Un homme et sa femme(?) cherchent à défendre leur portion de territoire contre un chien au comportement des plus humains joué par un comédien acrobate et pianiste (Philippe Leygnac) qui s’insinue dans le couple.Il y a aussi un autre homme/chien que l’on verra peu. Aucune parole, sinon des borborygmes, chuintements, voire au bout d’un moment quelques pauvres phrases. Il y a, de toute évidence, une sorte de conflit amoureux entre le bonhomme (Patrice Thibaud) et le chien qui voudrait bien goûter aux charmes de sa compagne, la belle Marie Parouty qui reprend le rôle de Lorella Cravoty.
Les coups de matraque (en mousse rouge) et les gags/poursuites se succèdent, et c’est souvent drôle, comme, entre autres, le début quand le bonhomme mange des craque-pains en rythme: c’est la vieille histoire du comique qui naît d’un comportement humain calqué sur du mécanique, bien analysé par Bergson au début du siècle dernier. Il y a aussi une scène remarquable, tout à fait dans la ligne du burlesque américain, où la leçon de piano tourne à l’avantage du chien plus fort que le maître: le spectacle prend alors tout son sens.
Mais tout n’est pas de cette qualité Patrice Thibaud, constamment en scène, en fait beaucoup, trop sans doute, et trop souvent: gesticulations,grimaces, roulements d’yeux, rictus et il y a souvent comme du Louis de Funès dans l’air auquel le comédien ressemble étonnamment, même s’il est plus grand, mais le public est ravi.
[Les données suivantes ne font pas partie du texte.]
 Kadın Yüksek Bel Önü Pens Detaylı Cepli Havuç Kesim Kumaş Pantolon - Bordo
Marie Parouty a, elle, un jeu plus discret mais singulièrement efficace, même si on a souvent l’impression qu’elle sert parfois de faire-valoir à Patrice Thibaud. Mais, comme les gags sur le thème animal/humain se succèdent, comme en témoignent les rires en cascade de la plus grande partie du public, le spectacle fonctionne quand même.
Mais la mise en scène- signée à trois, et ceci explique sans doute cela- reste peu convaincante: le rythme reste souvent lent, voire cahotant, les quelques petits dialogues qui ne sont pas en harmonie avec l’intrigue, tombent à plat, et les poursuites ne sont pas toujours vraiment maîtrisées.
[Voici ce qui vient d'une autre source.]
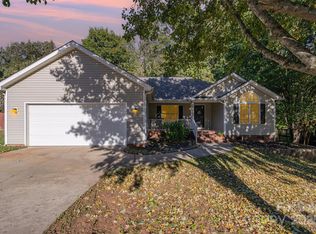 605 Beavers Cove Ln NW, Concord, NC 28027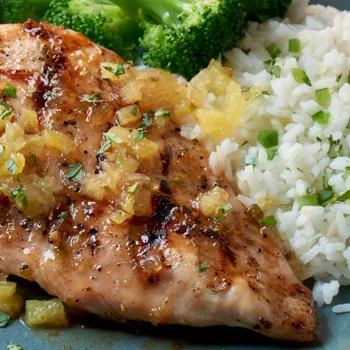 Pileća prsa glazirana ananasom s rižom od limuna i jalapeña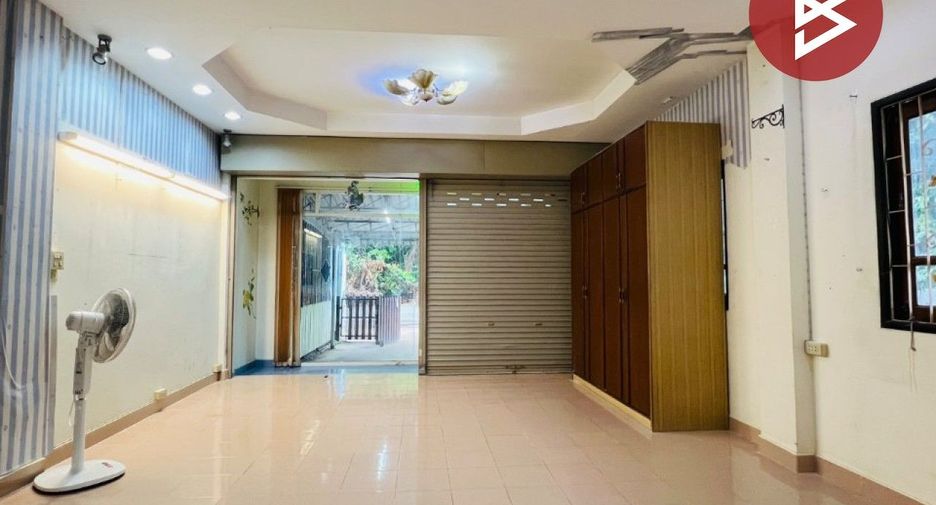 À vendre 3 chambres maison de ville à Mueang Samut Songkhram, Samut Songkhram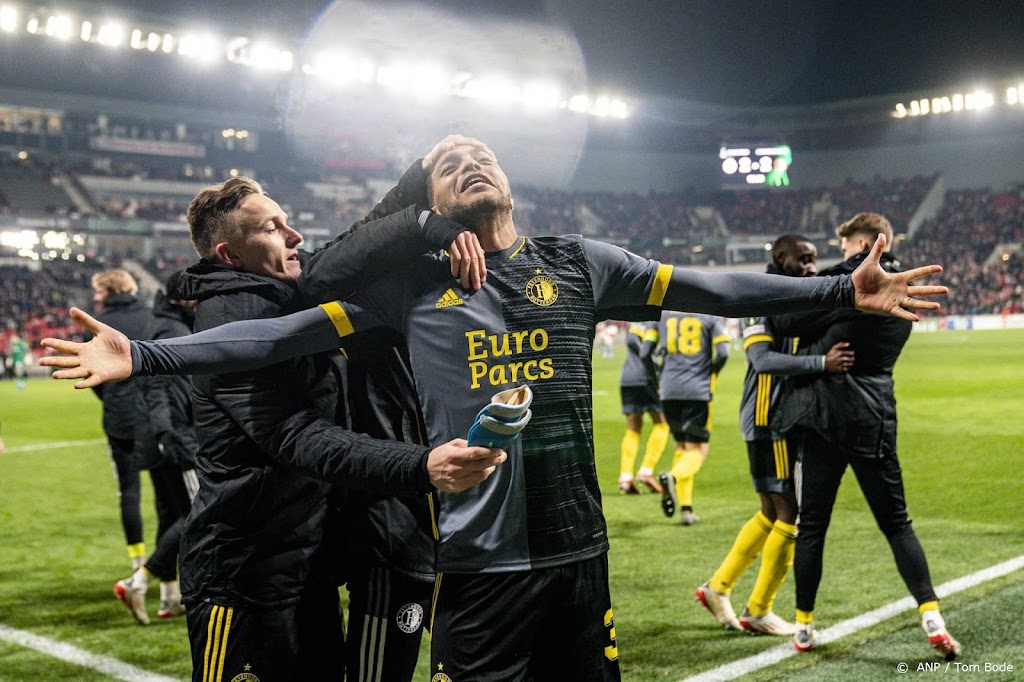 Feyenoord speelt gelijk tegen Slavia en overwintert in Europa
C’est un spectacle qui manque d’un fil rouge, d’une dramaturgie et d’une véritable direction d’acteurs. Qui dirige qui?
Alors à voir? Oui, si vous n’êtes pas trop exigeant, mais on reste quand un peu sur sa faim pendant ces 80 minutes, et le spectacle se termine plus qu’il ne finit, comme s’il était encore en rodage… Mais, encore une fois, le public rit de bon cœur…
Philippe du Vignal
Théâtre national de Chaillot, salle Gémier jusqu’au 18 juillet.